Les forêts et surfaces boisées méditerranéennes requièrent une attention particulière pour différentes raisons : 

  • Elles jouent un rôle clé dans le bien-être des communautés méditerranéennes tant urbaines que rurales en dispensant des biens marchands (ex. bois de construction, bois de feu, liège, plante médicinales, etc.) ainsi que des services non marchands à forte valeur ajoutée (ex. qualité des sites, protection des sols, amélioration du microclimat, possibilités récréatives, etc.)
  • Elles constituent un patrimoine naturel mondial unique en termes de biodiversité, abritant quelques 25 000 espèces de plantes vasculaires (dont 50% d’espèces endémiques), un vaste éventail d’espèces forestières ainsi qu’un fort taux d’endémisme (290 espèces forestières indigènes dont 201 endémiques) et affichant une diversité génétique extraordinaire.
  • Leur conservation et leur gestion affectent les ressources en sol et en eau, ressources stratégiques clés pour les sociétés méditerranéennes.

Leur avenir est gravement compromis par les changements du climat et de l’occupation des sols, qui viennent s’ajouter à des problèmes de longue date tels que les feux de forêt, la surexploitation des forêts, la dégradation des terres et l’avancée de la désertification dans la région.

Cette situation fait apparaître trois enjeux scientifiques principaux :

Comprendre l’impact du changement climatique sur l’adaptation des espèces forestières et le fonctionnement des écosystèmes forestiers. 
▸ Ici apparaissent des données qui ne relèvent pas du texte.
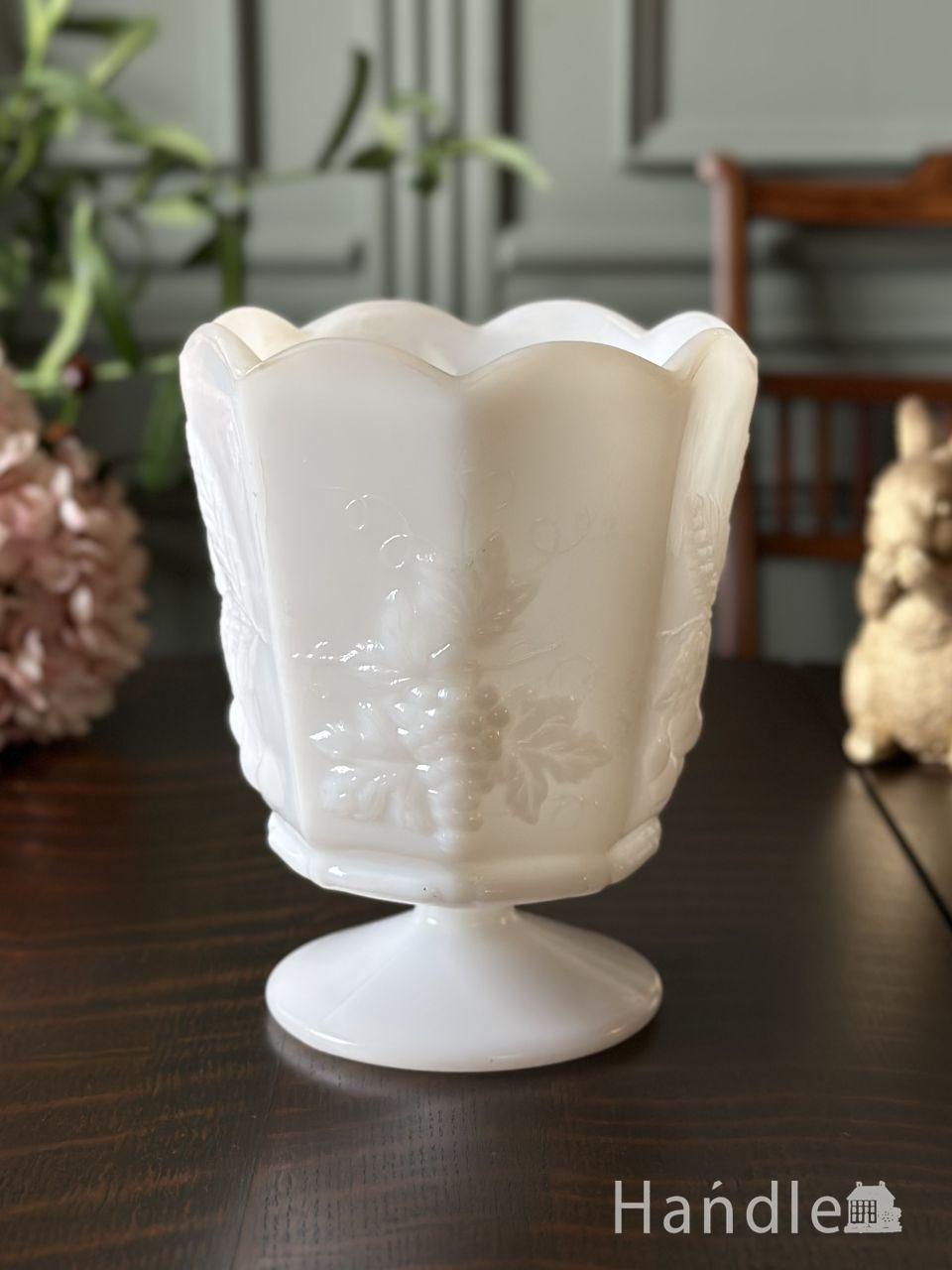 アンティ―クミルクガラス花器 (m-9556-z)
Développer de nouveaux modes de gouvernance faisant jouer de nouveaux instruments économiques et de politique afin de garantir la fourniture durable de biens et services forestiers appropriés.
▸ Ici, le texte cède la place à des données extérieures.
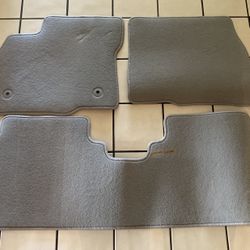⚡️FS: New OEM Floor Mats for 2017-2021 Chevy Bolt⚡️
Développer des instruments adéquats afin d’optimiser la gestion des forêts et de favoriser son adaptation aux changements du climat et de l’utilisation des sols.


Relever des défis d’une telle complexité demande des capacités de recherche suffisantes. Néanmoins, la recherche forestière dans la région méditerranéenne a été traditionnellement handicapée par sa fragmentation, ses moyens limités et son isolement. Cette situation se trouve encore plus accentuée dans la sous-région du sud de la Méditerranée composée par les Pays partenaires méditerranéens (MPC). Il s’avère donc nécessaire de mettre en œuvre des moyens adéquats pour remédier à cette situation : partenariats de recherche, travail en réseau, renforcement des capacités et transfert de connaissances.